The {1H–}19F CPMAS NMR spectra of 3FP@HY and 3FP@HZSM-5 are substantially different, even at moderate field strengths (9.4 T, see Fig. 2, S1, and S2). This is a first indication that 3FP can be used to differentiate active sites between similar zeolite solid acid catalysts. For 3FP, however, the smaller, broader, higher anisotropy peaks are deshielded (i.e. higher ppm) compared to the narrower peaks from physisorbed species (δ{19F} ≈ −130 ppm). This infers, as expected, that the position of the F on the pyridine ring (e.g. 2FP vs. 3FP) plays a role in the electronic interaction of the probe molecule with the zeolite surface and this is reflected in its chemical shielding. The direct excitation 19F MAS NMR spectra of 3FP@HY and 3FP@HZSM-5 (Fig. 2) are similar to the respective CPMAS NMR spectra but it is clear from the reduced relative presence of spinning side bands that there is a large proportion of dynamic species that are not detected via CP. However, comparing these spectra to those of 3FP@silicalite-1 (a pure silica MFI-type zeolite) and 3FP@γ-alumina (a nanoparticulate Lewis acid catalyst) shows that 3FP interacts strongly with acid sites in the porous acid catalysts since the 19F resonances for 3FP@silicalite-1 and 3FP@γ-alumina correspond to mainly physisorbed species (Fig. 2a and b). Since 3FP shows a greater difference for 19F NMR spectra between HY and HZSM-5 compared to 2FP, 3FP will be the focus of the rest of the study.
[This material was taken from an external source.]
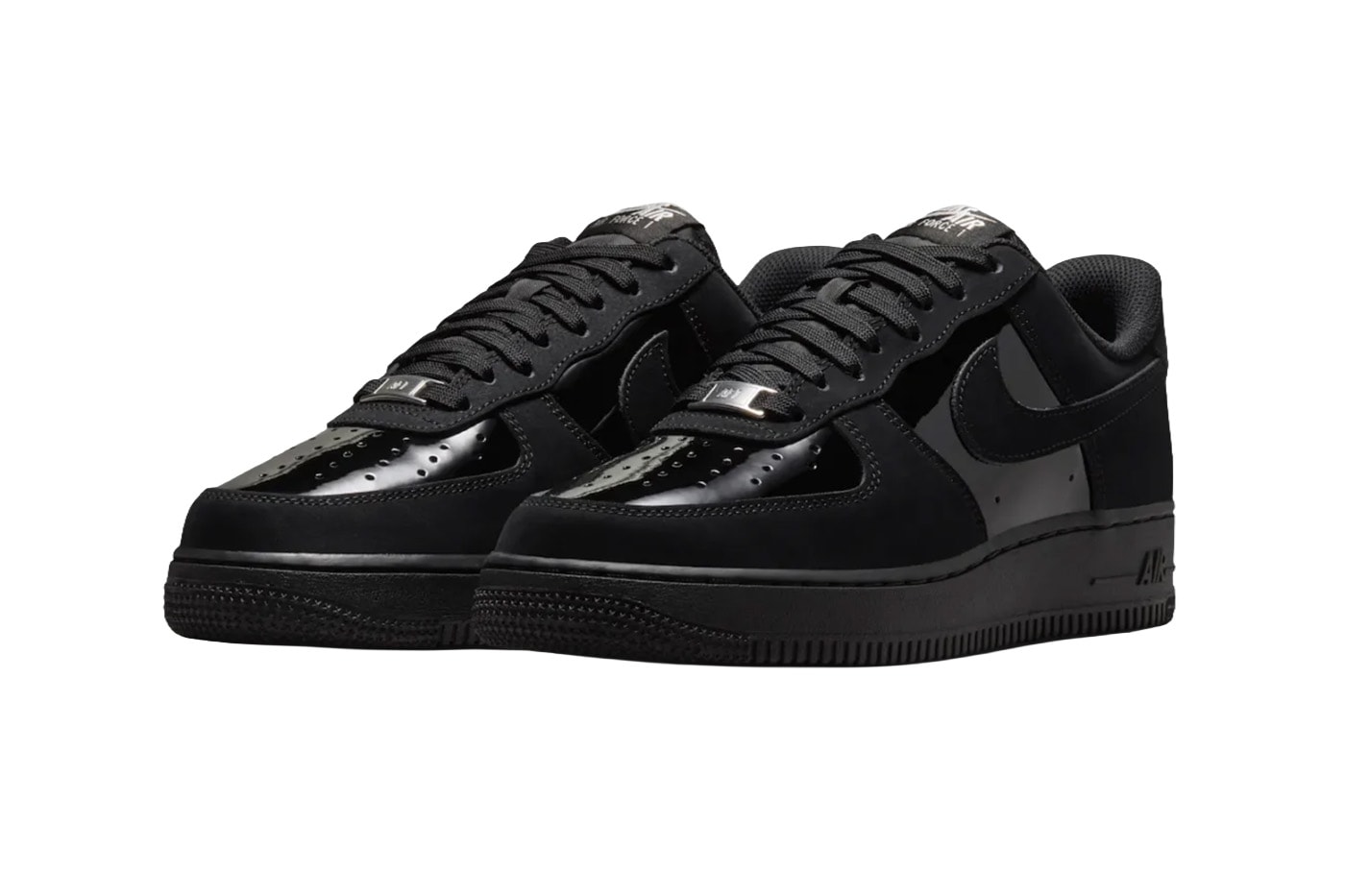 Nike Air Force 1 Low Patent Suede pack red black IV5103-001 IV5103-600 release info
image file: d5ay00507h-f2.tif
Fig. 2 9.4 T 19F direct excitation (a–d) and {1H–}19F CP (e and f) MAS NMR spectra recorded with 1H decoupling at ambient temperature. Spectra shown are of 3FP-doped samples of silicalite-1 (blue) (a), γ-alumina (purple) (b), HY (black) (c and e), and HZSM-5 (red) (d and f). † Denotes artifacts from decoupling. (a and b) were recorded with 12 kHz MAS frequency and (c–f) were recorded with 8 kHz MAS frequency.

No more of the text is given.